Speaking to reporters, White House Press Secretary Robert Gibbs said Clinton is not a possible judicial nominee to succeed retiring Supreme Court Justice John Paul Stevens.
"I think the president is going to keep her as secretary of state," Gibbs said, responding to comments earlier in the day from Sen. Orrin Hatch, R-Utah, that Clinton is a possible nominee.
"I even heard the name Hillary Clinton today, and that would be an interesting person in the mix," Hatch said Monday in an appearance on NBC's "Today Show." "I happen to like Hillary Clinton; I think she's done a good job .... And I have high respect for her, and think a great deal of her."
Gibbs said the White House is working to name a nominee in time for the jurist to be seated for the high court's new term in October. He declined to name possible nominees.
Widely believed to be on the president's short-list of possible picks are District of Columbia federal appeals court Judge Merrick Garland, U.S. Solicitor General Elena Kagan and Chicago-based federal appeals court Judge Diane Wood.
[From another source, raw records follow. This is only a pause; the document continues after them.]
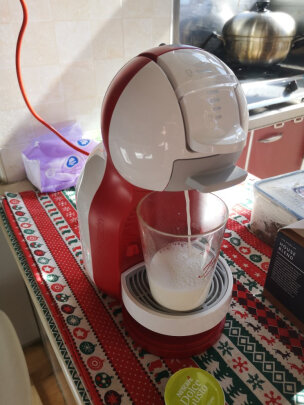 DOLCEGUSTO 9770和东菱DL-KF800区别是什么？操控哪款更加容易？哪个保护得当？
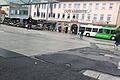 Die Busdrehscheibe Roßmarkt-Platz mit ihren hässlichen Asphaltinseln soll komplett saniert werden – einschließlich Untergrund. Das wird aufwendig, zunächst wird ein Gutachten eingeholt.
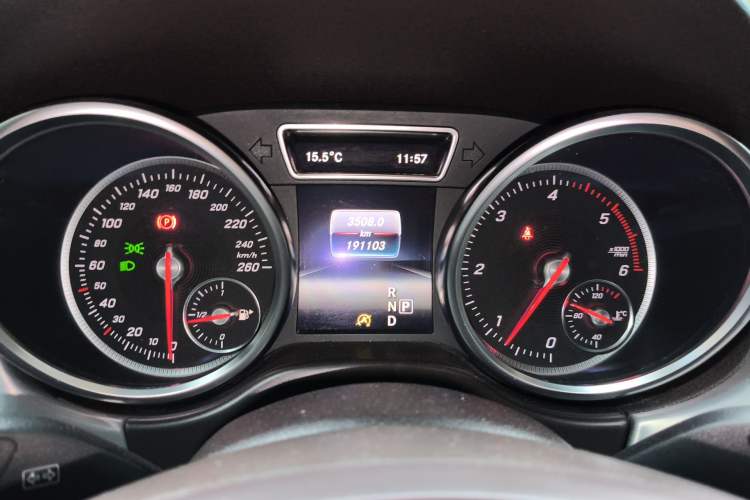 Used Mercedes-Benz GLE 2016 GLE 300 d 4MATIC
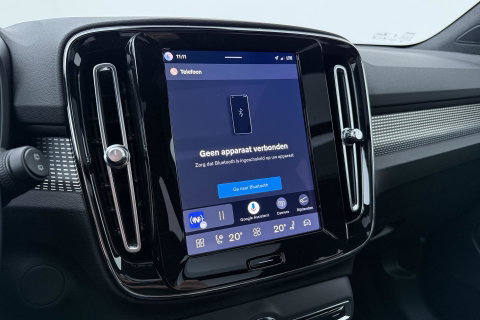 Volvo EX40 Twin Motor Plus Black Edition 82 kWh | ACC | Panoramadak | 360° Camera | Harman/Kardon | Stoel+Stuurverwarming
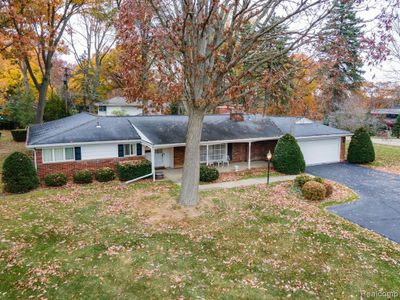 1465 Sodon Lake Drive, Home with 3 bedrooms, 2 bathrooms and null parking in Bloomfield Twp MI | Image 1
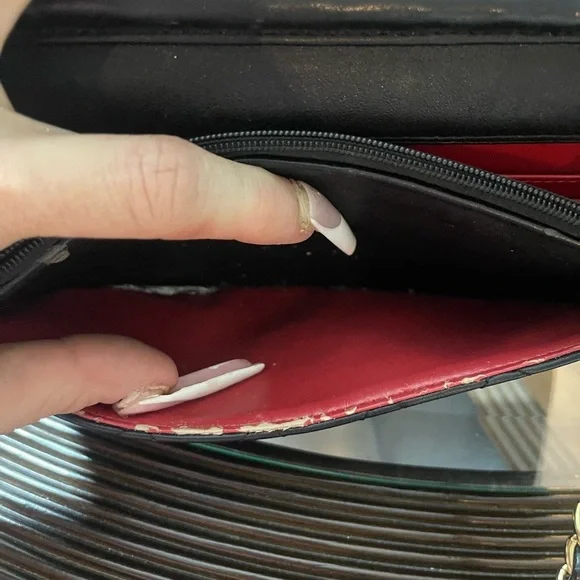 Charles & Keith Black Quilted Crossbody Bag with Chain Strap high-end luxury​​ - Picture 8 of 10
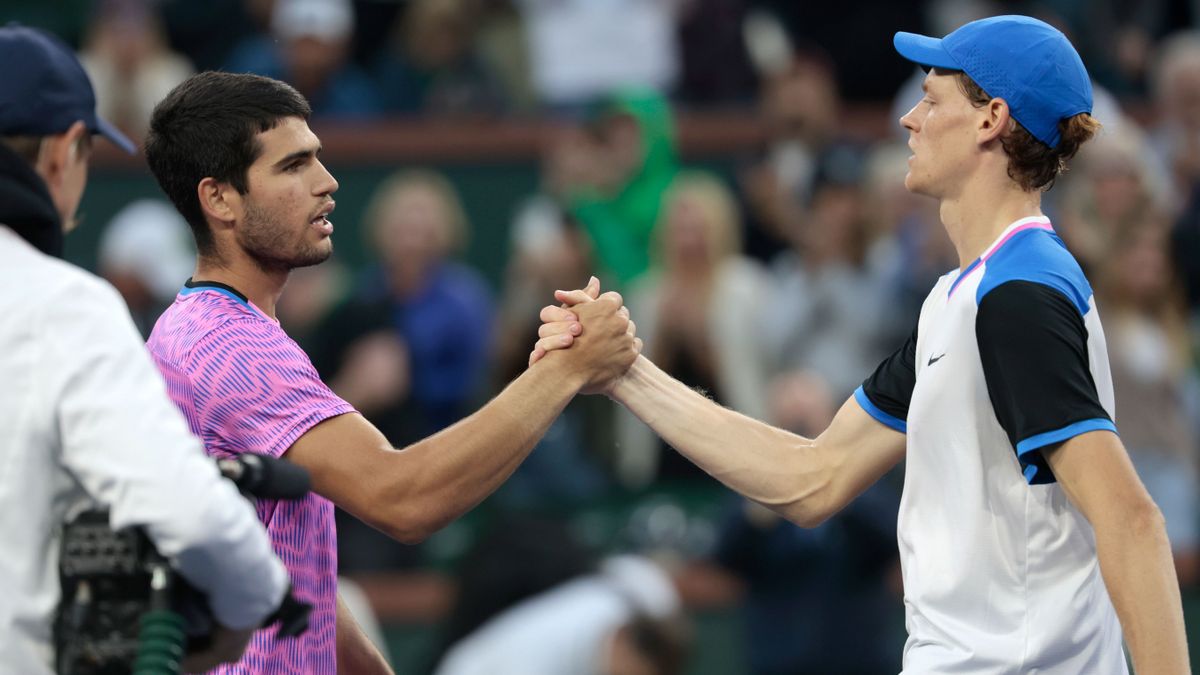 epa11225092 Carlos Alcaraz of Spain (L) greets Jannik Sinner of US Open Italy (R) after winning match point  during the men’s semifinal match at the BNP Paribas Open in Indian Wells, California, USA, 16 March 2024.  dopping vizsgálat klosztebol Danyiil Medvegyev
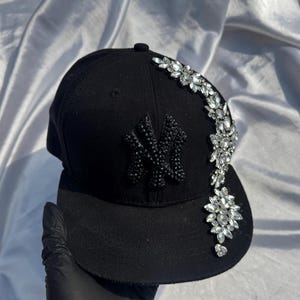 Crystal New York Yankees Baseball Cap•Custom Hat•Yankees Hat•New Era Hat•Swarovski Custom Hat•N.Y.Yankees hat•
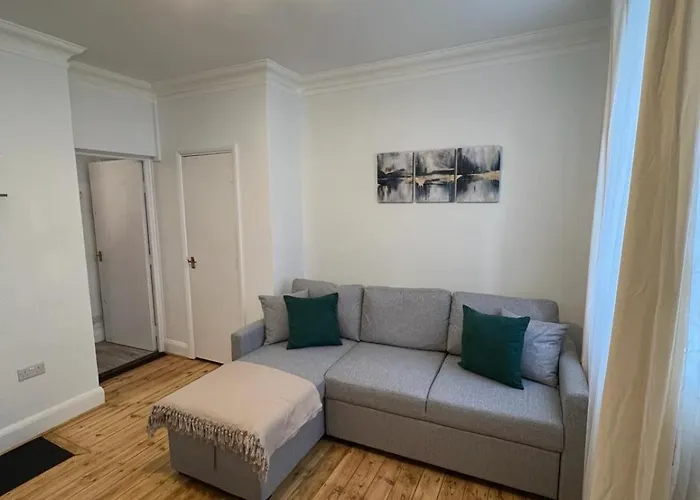 1 Bed Apartment - Centrally Located In The Heart Of Westminster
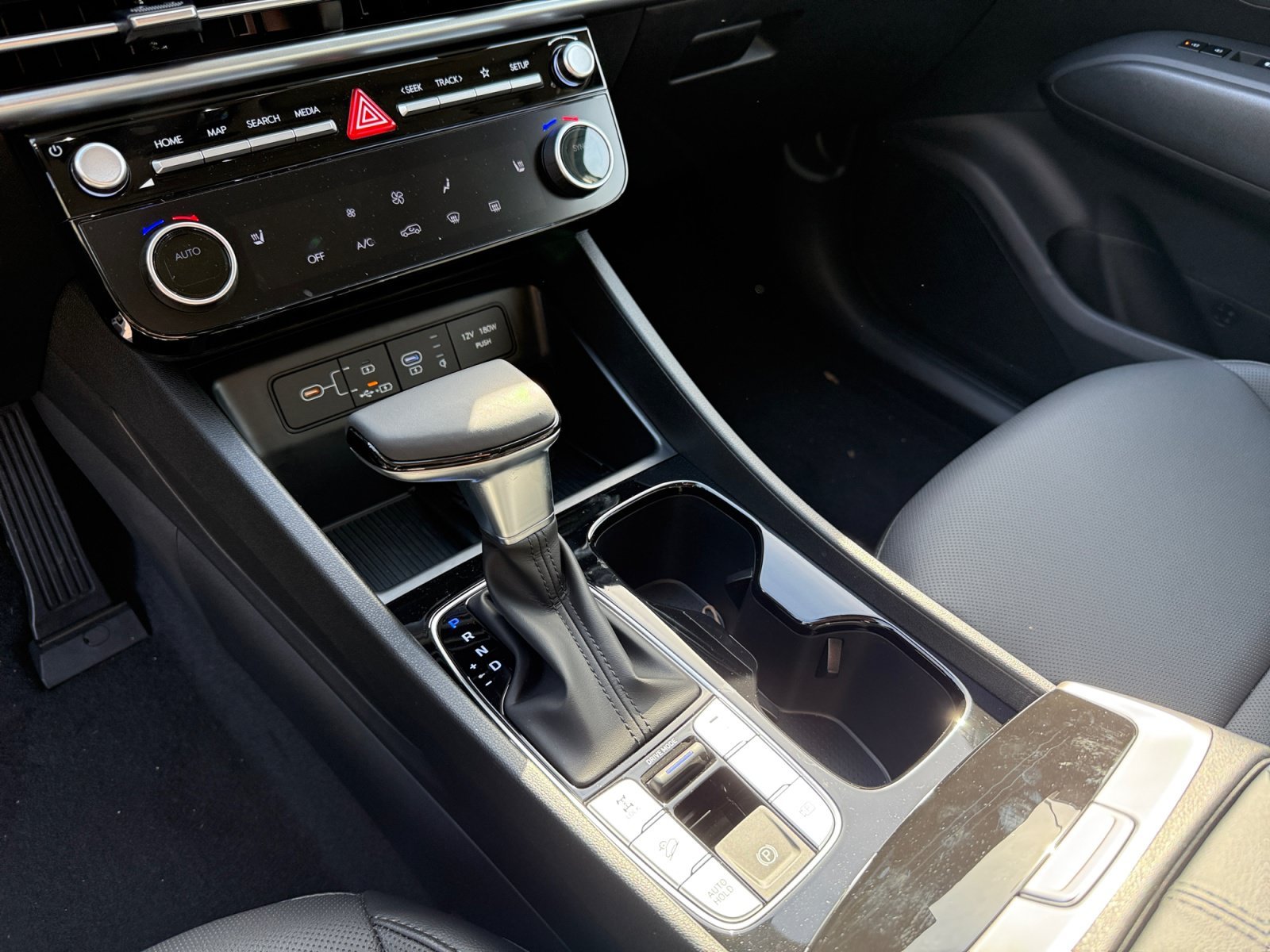 New 2026 Rockwood Green Hyundai SEL Premium AWD image 13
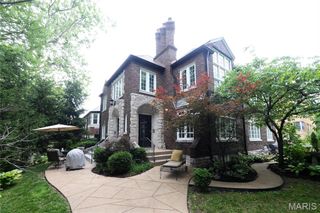 7574 York Drive, Clayton, MO 63105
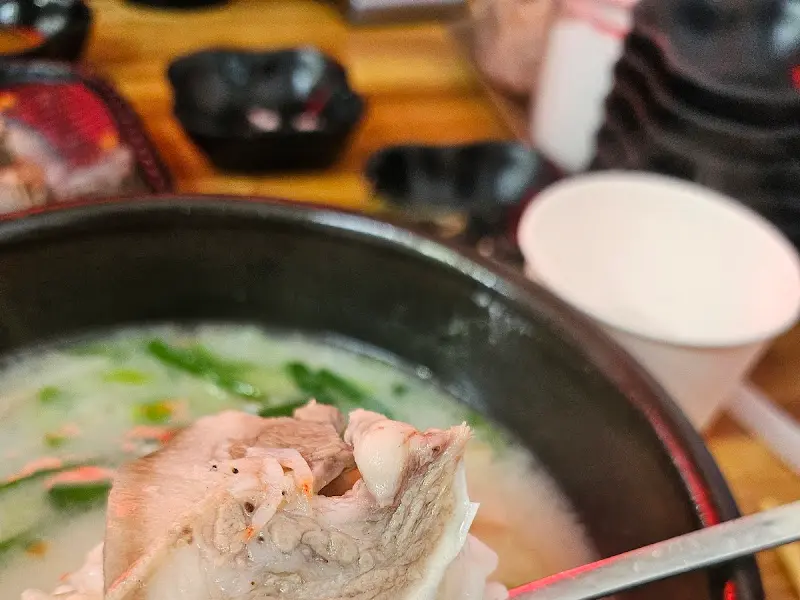 뽀얀 국물에 담긴 국밥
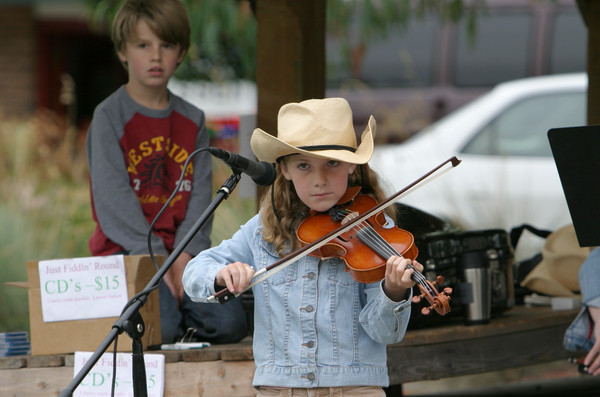 2619 Just Fiddlin Round at lunch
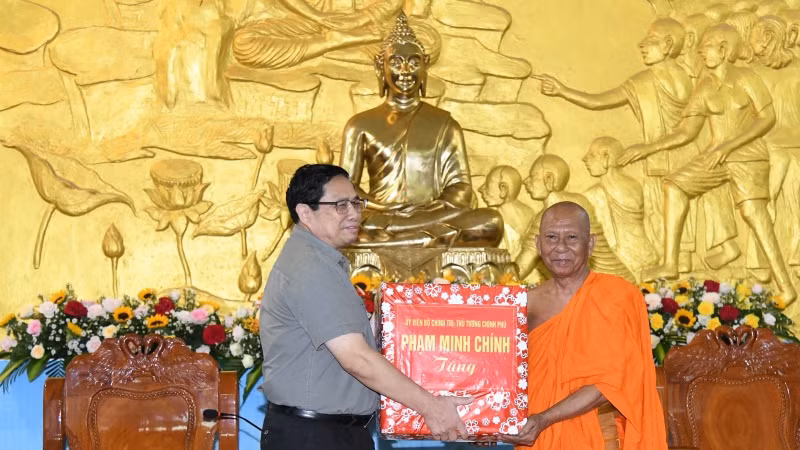 Thủ tướng Phạm Minh Chính tặng quà, chúc mừng Hội Đoàn kết sư sãi yêu nước tỉnh Trà Vinh.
Also appearing on the Today program was Sen. Patrick Leahy, D-Vt., chairman of the Senate Judiciary Committee. He said it is possible for Obama's pick to the Supreme Court to be confirmed this summer and seated on the court in time for the court's new term.
Stevens announced Friday he will retire from the bench this summer, after serving 34 years on the nation's highest court.
Stevens, 89, is the U.S. Supreme Court's oldest member and a reliably liberal vote. He is the second oldest justice in U.S. history and fourth longest-serving. He was nominated to the high court in 1975 by Republican President Gerald Ford.